For a matrix to converge to the zero matrix, every element of it must converge to zero, under one of the criteria suitable for random variables. For a $n \times K$ regressor matrix ${\rm X}$, with typical row $\mathbf x_j' = (x_{1j}, x_{2j},...,x_{Kj})$ a single element of the associated "hat" matrix $H$, say $h_{ji}$ can be written as
$$h_{ji} = \mathbf x_j'({\rm X}'{\rm X})^{-1}\mathbf x_{i} = \frac 1n \mathbf x_j'\left(\frac 1n{\rm X}'{\rm X}\right)^{-1}\mathbf x_{i}. $$
Part of the assumptions of such models is that
$$\left(\frac 1n{\rm X}'{\rm X}\right)^{-1} \rightarrow_p Q < \infty.$$
So it appears we get
$${\rm plim }\, h_{ji} = {\rm plim } \left( \frac 1n \mathbf x_j'Q\mathbf x_{i}\right)$$
which converges to zero since $\mathbf x_j'Q\mathbf x_{i}$ is a finite number.
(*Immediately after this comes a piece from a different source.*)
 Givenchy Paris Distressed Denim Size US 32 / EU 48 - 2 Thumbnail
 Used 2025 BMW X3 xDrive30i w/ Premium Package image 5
Don't confuse this with the result that
$$\sum_{i=1}^n h_{ii} = K.$$
This says that the sum of the diagonal elements equals the number of regressor always, and even when the sample size goes to infinity. But if all elements go to zero, how can this be?
Well, it is not something unique to the projection matrix. Let $I_n$ be the $n \times n$ Identity matrix and consider that
$${\rm lim} \frac 1n I_n \to \mathbf 0_n.$$
But the sum of diagonal elements will always be equal to 1. Yes, "understanding" how it is possible that every element viewed on its own goes to zero but their sum is always strictly positive may be difficult, but when infinity appears, intuition is strained.
Another issue: if $H \to \mathbf 0$ what happens to the vector of predictions $\hat y = Hy$? Does it also go to zero?
No because
$$Hy = X(X'X)^{-1}X'(X\beta + \varepsilon) = X\beta + H\varepsilon,$$
namely, the $H$ matrix remains, already for finite $n$, only in connection to the error term.